Available in paperback and for Kindle:
The new book: A Bathtub in Our Kitchen

Book One also available in paperback and Kindle:


Research:

Prior to choosing the Separett, we did a lot of research. These composting toilets can be expensive; and the Separett was actually one of the cheapest available. Yes, we could have constructed a composting toilet ourselves, but the advantage of the Separett is that it can actually be situated inside the house.

And considering the alternatives, it's actually not that expensive. As we are not on a mains sewer system, the customary alternative would be the installation of a septic tank. Not only would the cost of installing one of these be much more than the cost of the Separett, but they need to be emptied regularly as well (which entails further costs). And another disadvantage - have you any idea how much water is wasted by a flushing toilet?

When John Harington (no, it wasn't Thomas Crapper) invented the flush toilet in 1596, water conservation was obviously not one of his priorities! We actually experimented in our previous house in Reading by using rainwater in a watering can to flush the toilet after urination, and we saved nearly 50% on our water bill.

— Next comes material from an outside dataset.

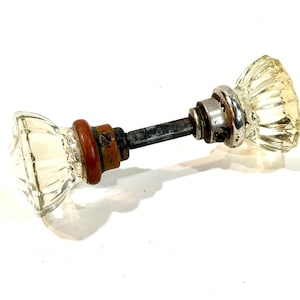 May include: A clear, faceted glass door knob set featuring two octagonal glass handles connected by a central metal spindle. One side includes a dark reddish-brown circular base, while the other side features a silver-toned metal collar with a small screw.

So a waterless composting toilet was certainly a green (and in the long run, cheaper) alternative to the flush toilet. There are obviously other brands of composting toilet available. Quite a few of these have a separate tank, which is designed to be installed in the basement underneath the toilet itself. This would have been of no use to us because La Darnoire has no basement.

We wanted something as self-contained as possible, and it had to have a urine-diverting function. That mephitic odour you smell if you drive past public sewer works is there because urine and faeces are mixed together. If they are kept separate, there is very little smell at all. And both constituents can be recycled back into nature as organic fertilizer. The book shown on the right, "Liquid Gold" is not only an interesting read, but has several good ideas for the use of urine as a plant fertilizer.

The Separett is a Swedish design. We selected the Villa 9010 model; as this is designed to run off a 12V battery (it also has a connector for 220V by the way). As we will be installing solar panels at a later date, the 12V possibility was important.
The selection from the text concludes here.